» **Problem to work on**
Exactly the lines below from the line with "Hublot,Big Bang 33mm,33mm,Sapphire,KING" through the line with "هتل میلنیوم پلیس برشا هایتس دبی" must make up the answer, both ends included and pictures left out.

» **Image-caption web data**

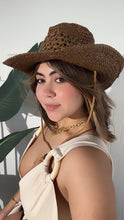 Beach Brown Cow Girl Hat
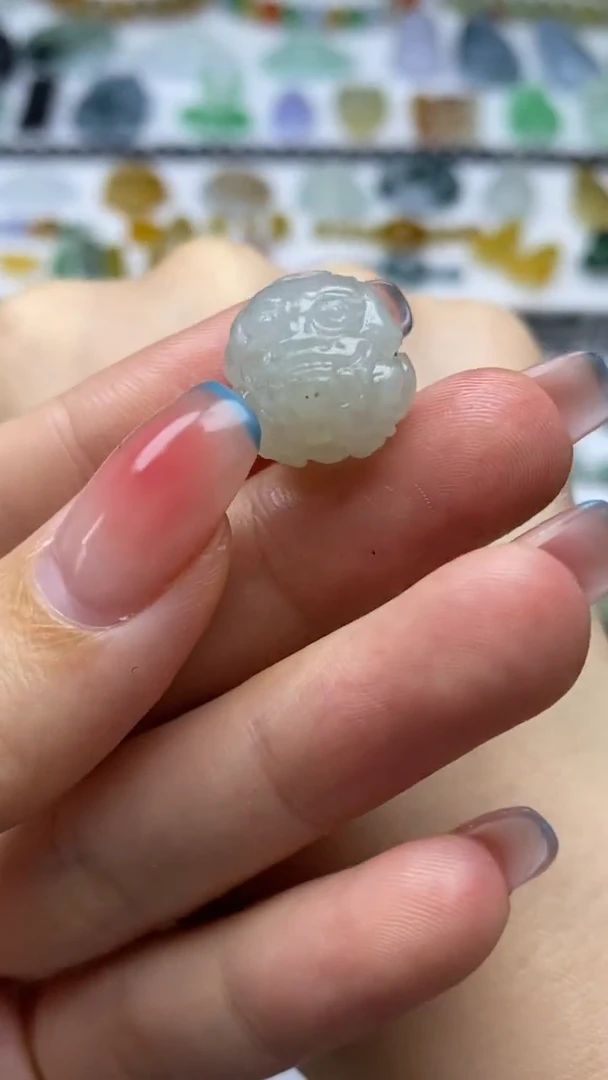 未镶嵌定制翡翠毛货定制不退不换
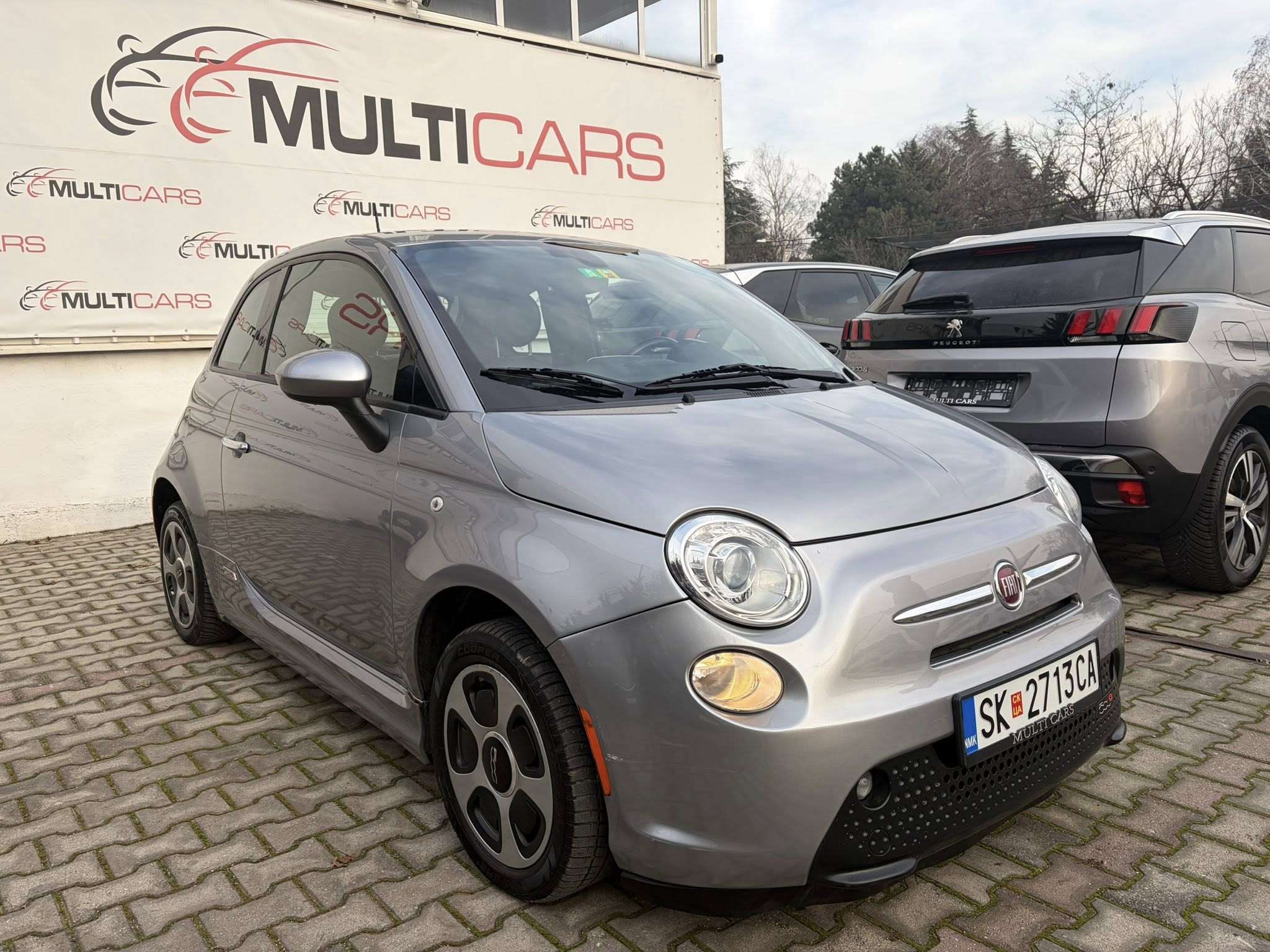 
								FIAT 500e – 24 kWh – 2017 full									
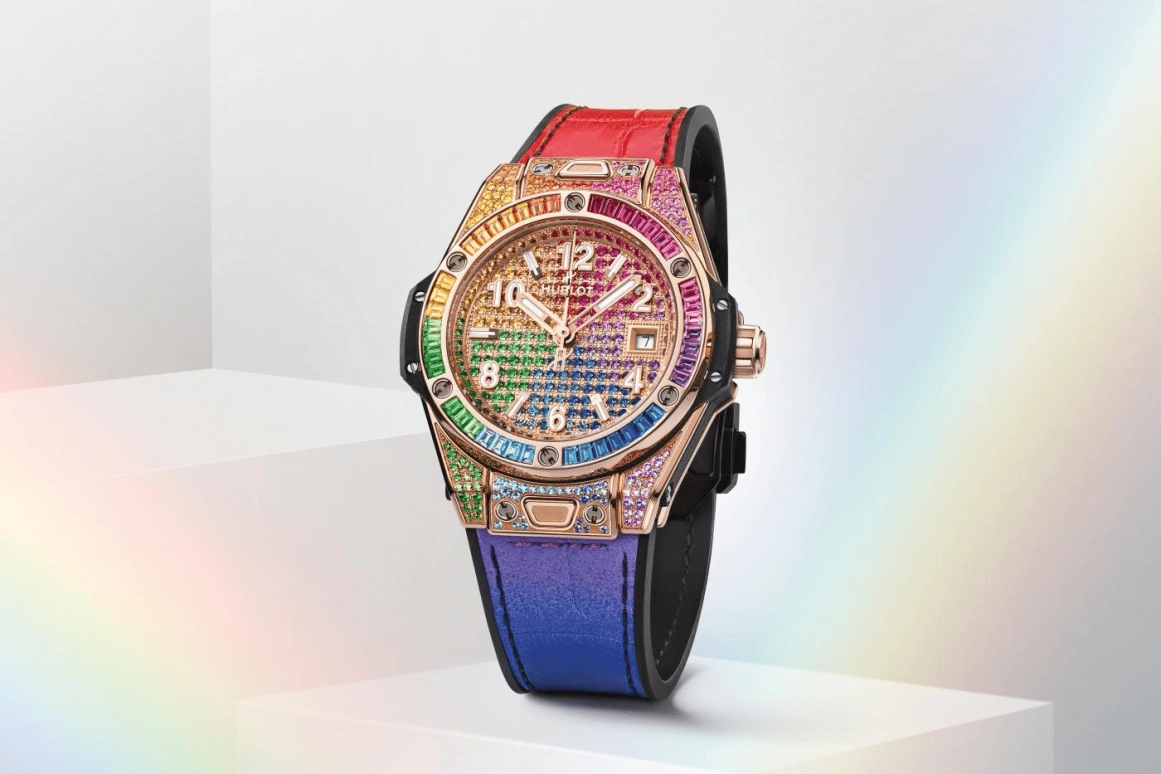 Hublot,Big Bang 33mm,33mm,Sapphire,KING GOLD,Crystal,Multi-Color,Automatic,40hours,In-house Caliber,485,485.OX.9900.LR.0999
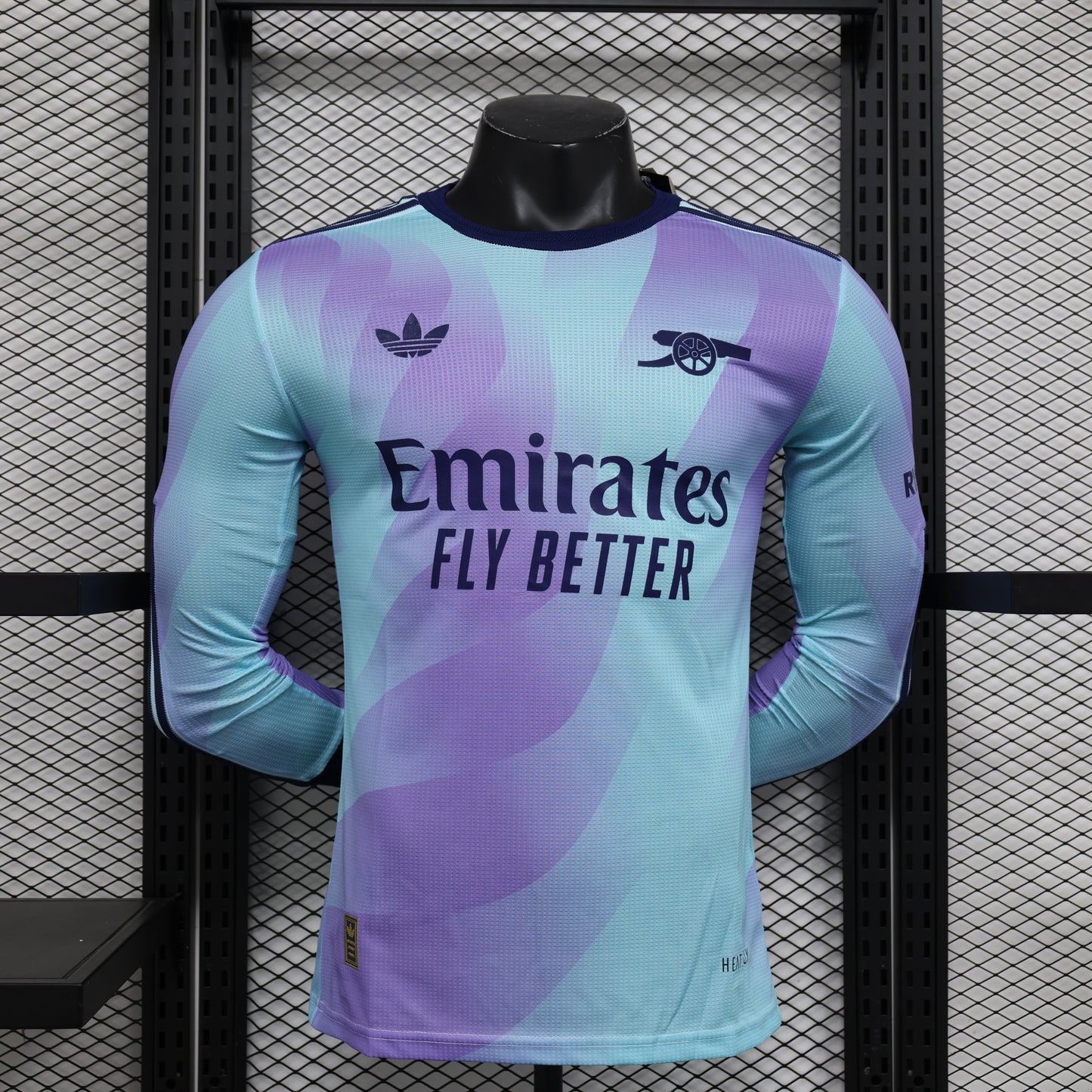 CAMISETA TERCERA EQUIPACIÓN ARSENAL 24/25 VERSIÓN JUGADOR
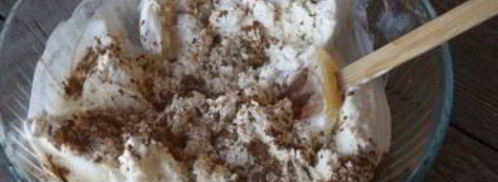 десерт из мороженого с корицей. Шаг 4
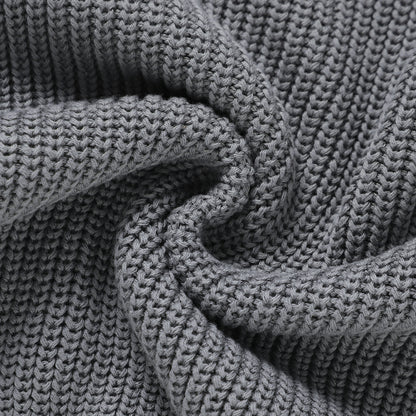 The Sutton Knit Sweater - Graphite
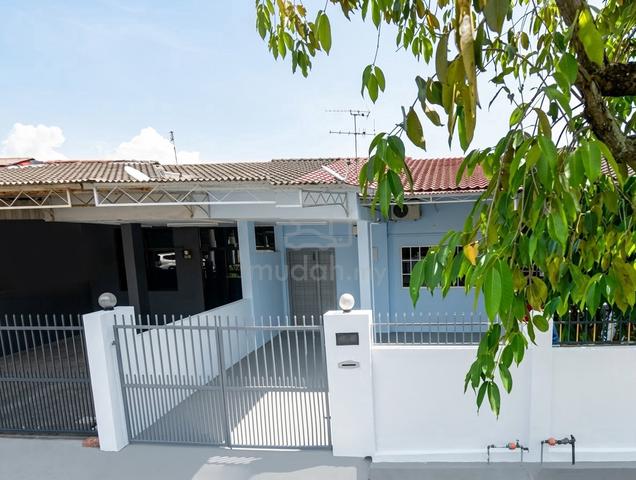 Landed Terrace House Taman Lip Sin Sg Dua Single Storey FTZ 1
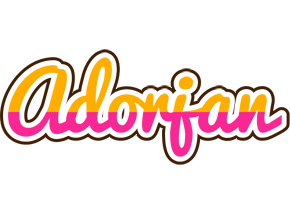 Adorjan smoothie logo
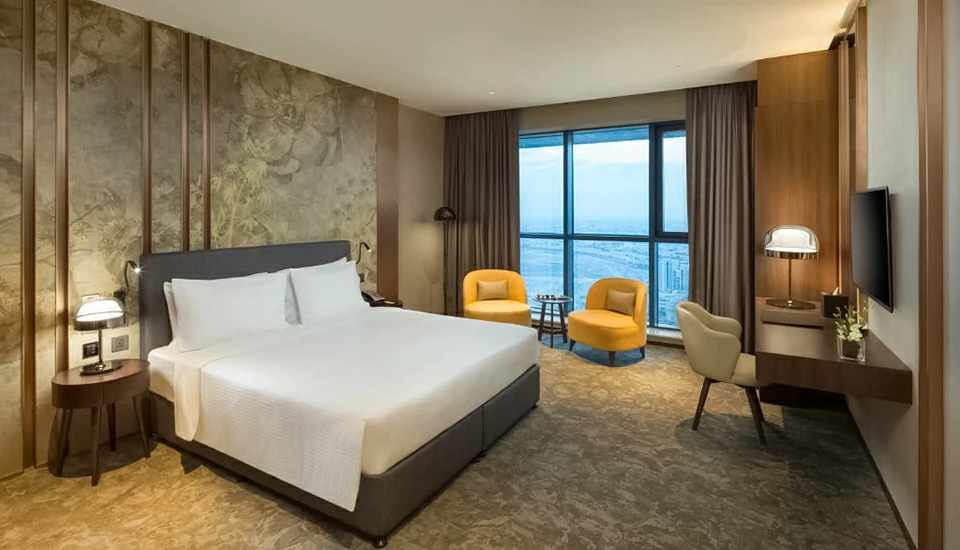 هتل میلنیوم پلیس برشا هایتس دبی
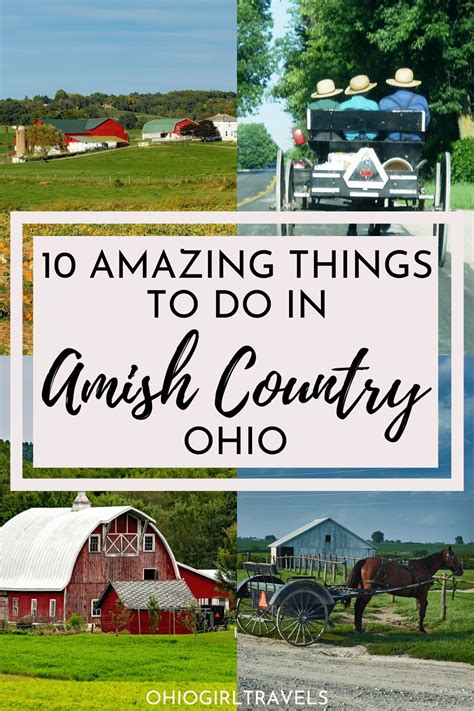 Things to Do in Amish Country Ohio - Ohio Girl Travels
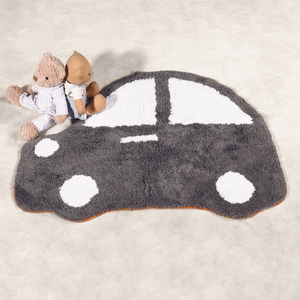 <span class=keywords><strong>Tapis</strong></span> de bain en coton design de voiture de dessin animé <span class=keywords><strong>tapis</strong></span> de compagnon de jeu lavable moderne pour chambre d'enfants ou camping pour garçons - Product Image 3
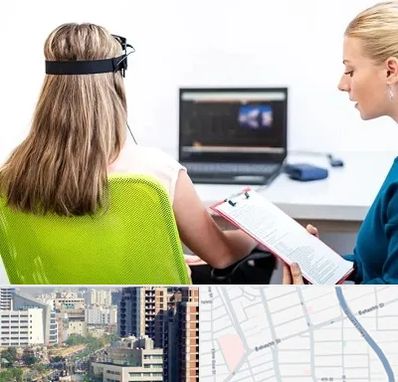 نوروفیدبک در خیابان بهشتی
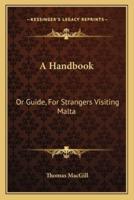 A Handbook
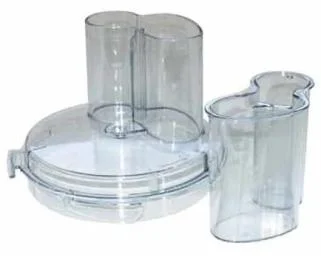 Couvercle de bol + poussoir référence 251190 pour Robot de cuisine - Moulinex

» **Solution for this problem**
 Hublot,Big Bang 33mm,33mm,Sapphire,KING GOLD,Crystal,Multi-Color,Automatic,40hours,In-house Caliber,485,485.OX.9900.LR.0999
 CAMISETA TERCERA EQUIPACIÓN ARSENAL 24/25 VERSIÓN JUGADOR
 десерт из мороженого с корицей. Шаг 4
 The Sutton Knit Sweater - Graphite
 Landed Terrace House Taman Lip Sin Sg Dua Single Storey FTZ 1
 Adorjan smoothie logo
 هتل میلنیوم پلیس برشا هایتس دبی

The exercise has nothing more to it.